Jam It, Pickle It, Cure It and Other Cooking Projects
by Karen Solomon
Ten Speed Press, 2009
Back in the ‘olden days’ when we were back-to-the-landers I did a ton of preserving food. I canned tomatoes, green beans and peaches, froze corn, apples and shredded zucchini, made jams and pickles and sauerkraut. It was a lot of work but fun. It was so satisfying to prepare a whole meal from food we raised and/or grew ourselves. It wasn’t about saving money. It was a whole way of life that had health and self-sufficiency at it’s core.
My resources back then were the Ball Blue Book and the Farm Journal Canning and Preserving book. I still have them both and they are so stained and worn. One is held together with a rubber band. One of these days I’ll tell you about them but not in this post.
Today I want to tell you about a new book I’m excited about. My daughter Candice found Jam It, Pickle It, Cure It at the library. It reminded her of my old preserving books. She thought I would be interested and she was right.
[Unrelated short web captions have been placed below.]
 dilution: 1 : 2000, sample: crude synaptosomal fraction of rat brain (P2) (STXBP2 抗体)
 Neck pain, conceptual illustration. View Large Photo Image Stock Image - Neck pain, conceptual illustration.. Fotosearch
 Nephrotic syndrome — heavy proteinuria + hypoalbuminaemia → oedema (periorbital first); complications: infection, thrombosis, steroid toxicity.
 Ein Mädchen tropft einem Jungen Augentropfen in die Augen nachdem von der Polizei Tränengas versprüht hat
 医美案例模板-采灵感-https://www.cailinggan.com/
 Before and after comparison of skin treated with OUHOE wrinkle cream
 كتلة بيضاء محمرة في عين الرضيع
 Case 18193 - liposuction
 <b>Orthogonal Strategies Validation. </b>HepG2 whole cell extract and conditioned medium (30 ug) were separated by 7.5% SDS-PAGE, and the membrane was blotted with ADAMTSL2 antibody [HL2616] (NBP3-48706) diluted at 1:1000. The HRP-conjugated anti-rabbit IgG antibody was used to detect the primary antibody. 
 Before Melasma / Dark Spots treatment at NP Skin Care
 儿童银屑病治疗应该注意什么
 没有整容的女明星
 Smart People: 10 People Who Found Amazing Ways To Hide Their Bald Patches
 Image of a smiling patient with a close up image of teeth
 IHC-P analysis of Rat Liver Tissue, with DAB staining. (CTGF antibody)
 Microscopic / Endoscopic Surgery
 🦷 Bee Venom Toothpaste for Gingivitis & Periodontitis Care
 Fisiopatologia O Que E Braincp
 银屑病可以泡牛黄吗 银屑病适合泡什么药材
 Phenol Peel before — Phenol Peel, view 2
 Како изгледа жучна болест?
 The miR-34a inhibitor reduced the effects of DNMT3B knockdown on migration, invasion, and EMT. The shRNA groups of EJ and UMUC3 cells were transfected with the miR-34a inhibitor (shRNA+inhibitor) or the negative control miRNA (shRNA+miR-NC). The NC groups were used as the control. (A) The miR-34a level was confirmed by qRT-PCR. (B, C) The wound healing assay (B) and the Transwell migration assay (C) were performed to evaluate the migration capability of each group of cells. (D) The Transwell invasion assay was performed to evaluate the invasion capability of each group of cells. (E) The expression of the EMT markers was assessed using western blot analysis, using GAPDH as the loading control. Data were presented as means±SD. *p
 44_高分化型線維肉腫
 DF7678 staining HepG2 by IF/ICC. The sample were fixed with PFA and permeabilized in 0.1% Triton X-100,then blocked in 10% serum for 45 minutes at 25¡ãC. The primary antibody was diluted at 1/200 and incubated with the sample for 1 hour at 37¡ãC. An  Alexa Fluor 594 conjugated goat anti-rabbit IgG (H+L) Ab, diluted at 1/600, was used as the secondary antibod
Jam It, Pickle It, Cure It is not a replacement for my two favorites. It’s a wonderful addition to them. It is not concerned with preserving large quantities of produce from the garden. It’s actually a reference for preparing high quality staples we now purchase only at the supermarket: salad dressings, crackers, mayonnaise, mustard, pasta, butter, cheeses, olives, smoked trout, bacon, frozen treats, marshmallows, beverages and more – 75 recipes in all. The instructions are easy to follow and there are plenty of pictures. The author has a confident, conversational voice that would be helpful for both beginners and pros.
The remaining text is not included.